Kurucusu Mustafa Kemal Atatürk’ün “En büyük eserim.” dediği Türkiye Cumhuriyeti’nin 96’ncı kuruluş yıldönümünü kutluyoruz.
Dört yıl sonra ise 100’üncü yıla ulaşıp ‘dalya’ diyeceğiz.
Atatürkçülük demek, “Laik Türkiye” demektir; dar anlamıyla “din ve devlet işlerinin birbirinden ayrıldığı”, geniş anlamıyla ise “her türlü bağnazlıktan arınmış, yüzü ileri Batı’ya dönük özgür düşünceli, bilim ve sanatı rehber edinmiş bireylerden oluşan bir toplum”…
Atatürkçülük; “özgürlükleri yok etme özgürlüğüne” sahip oldukları kuruntusu ya da saplantısıyla ‘ceberutça’ davrananların dışında kendisi gibi düşünmeyenlere saygılı, demokrasiyi özümsemiş, iç ve dış barıştan yana olmak demektir.
YANLIŞ HESAPLAR
Atatürk ve O’nun Cumhuriyeti ile görülecek tarihsel hesabı olanlar;
Büyük Önder’i, “onurlu bir ulus” kimliği kazandırdığı halkının gönlünden silip atmakla da yetinmeyerek düşmanlaştırmaya…
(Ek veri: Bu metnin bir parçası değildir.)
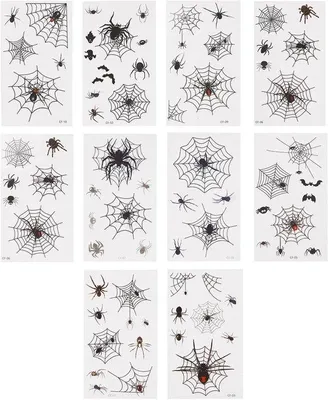 Produktbild von Tattoos 10er Set - Wassertolerante Halloween Tattoos für Gesicht und Körper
O’nun ilke ve devrimlerini, kendi çağ dışı karşı devrimleri ile yıkıp yok etmeye…
“Cihat” (din uğruna savaş) saydıkları bu yanlış yoldaki çabalarının zehirli meyvelerini devşirmek için Eğitim Birliği’ni (Tevhid-i Tedrisat) tamamen bozarak okulları camileştirmeye, medreseleştirmeye…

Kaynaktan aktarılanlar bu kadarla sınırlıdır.